If a single polarized photon |L〉 is reflected from a MTR cavity after running into an N-V center prepared in |−〉 or |+〉, it will experience a phase shift e^iϕ or e^iϕ₀ from Eq. (1) or (2) owing to optical Faraday rotation, respectively. While if a single |R〉 polarized photon is reflected, it will experience a phase shift e^iϕ₀ regardless of what the electronic spin states are. Choosing the resonant condition ω_c = ω₀ = ω_p and g² ≥ 25κγ, then

r (ω_{p}) ≃ 1, r_{0} (ω_{p}) = - 1 .

In conclusion, after a π phase shifter on the photon output path, the systemic state between the photon and the N-V centers can be expressed as

\begin{array}{l} | R 〉 | + 〉 \to | R 〉 | + 〉, | R 〉 | - 〉 \to | R 〉 | - 〉, \\ | L 〉 | + 〉 \to | R 〉 | + 〉, | L 〉 | - 〉 \to - | L 〉 | - 〉 . \end{array}

In the following, we investigate how to construct a deterministic CNOT gate and implement conversion of entangled states between photonic qubits.

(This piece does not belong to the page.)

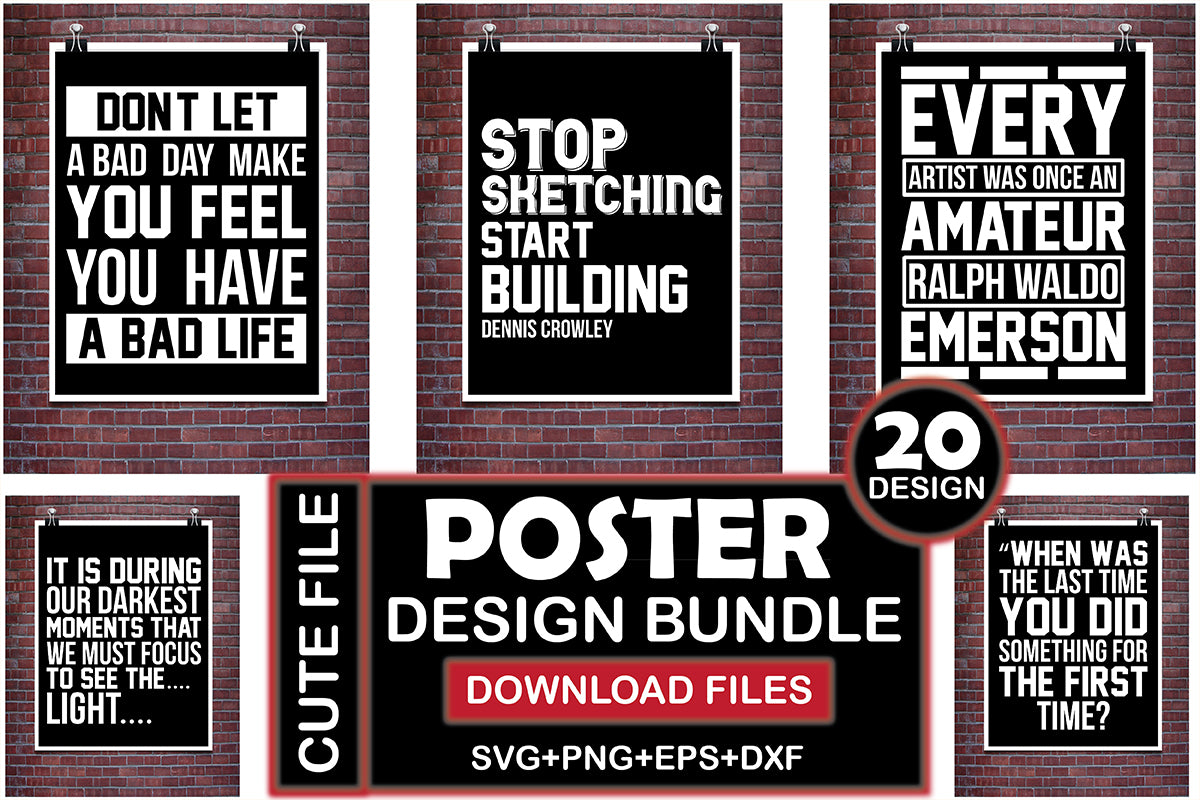Poster 20 Bundle - CraftNest - Digital Crafting and Art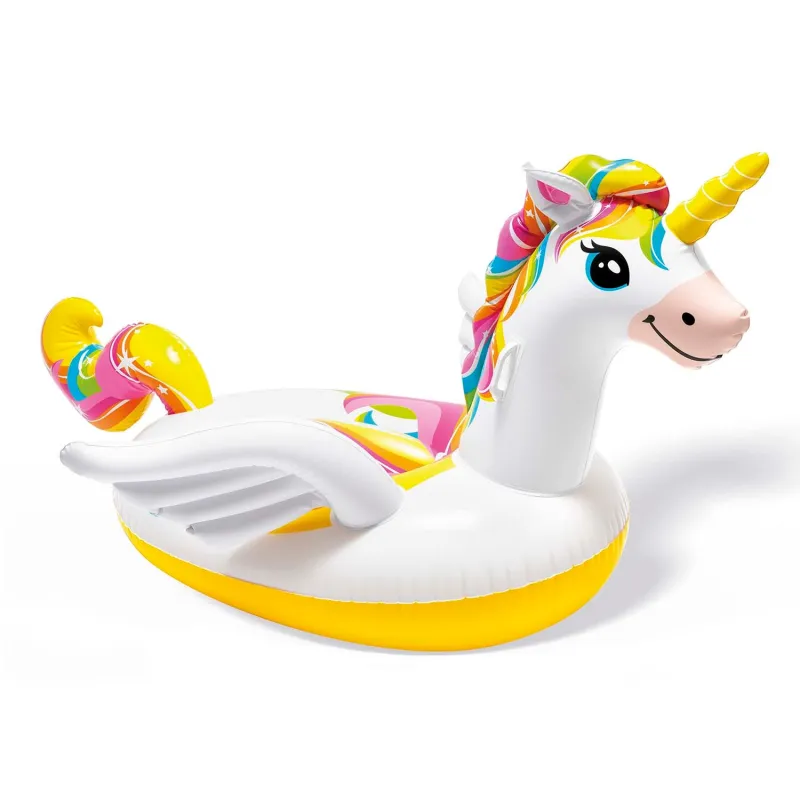 Inflatable unicorn 201 x 140 x 97 cm, colorful water toy for fun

3. Implementing of deterministic CNOT gate for photonic qubits

Consider two photons initially prepared in an arbitrary state ψ_p = α|RR〉 + β|RL〉 + γ|LR〉 + δ|LL〉, where |α|² + |β|² + |δ|² + |γ|² = 1, and N-V center in the state $ψ_{N} = \frac{1}{\sqrt{2}} (| + 〉 + | - 〉)$ . Photon 2 acts as control qubit and photon 1 acts as target qubit. The schematic is shown in Fig. 2. The two photons 1 and 2 come in succession to the MTR. The action of the quarter-wave plate (QWP) is given by transformation $| R 〉 \to \frac{1}{\sqrt{2}} (| R 〉 + | L 〉)$ and $| L 〉 \to \frac{1}{\sqrt{2}} (| R 〉 - | L 〉)$ . The optical switch (SW) controls the photon 1 passing through the MTR firstly and then the photon 2. c-PBS is circular polarization beam splitter which transmits the right-circular polarization photon |R〉 and reflects the left-circular polarization photon |L〉. In Fig. 2, before the photon 2 enters into the MTR, a Hadamard gate operation, which can be achieved by a π/2 microwave pulse, is performed on N-V center to accomplish the transformation $| + 〉 \to \frac{1}{\sqrt{2}} (| + 〉 + | - 〉)$ and $| - 〉 \to \frac{1}{\sqrt{2}} (| + 〉 - | - 〉)$ . After the photon 2 passing through the MTR, the N-V center is rotated by the Hadamard gate transformation again. Finally, the total state of two photons with one N-V center is transformed into

\begin{array}{l} ψ_{p} \otimes ψ_{N} & \to & \frac{1}{\sqrt{2}} {(α | R R 〉 + β | L L 〉 + γ | L R 〉 + δ | R L 〉)}_{1, 2} \otimes | + 〉 \\ + \frac{1}{\sqrt{2}} {(α | L R 〉 + β | R L 〉 + γ | R R 〉 + δ | L L 〉)}_{1, 2} \otimes | - 〉 . \end{array}

After the measurement performed on the N-V center, the CNOT gate between photons 1 and 2, which is unequivocally associated to the measurement results of the N-V center in the |+〉, |−〉 basis, is achieved (see Table 1).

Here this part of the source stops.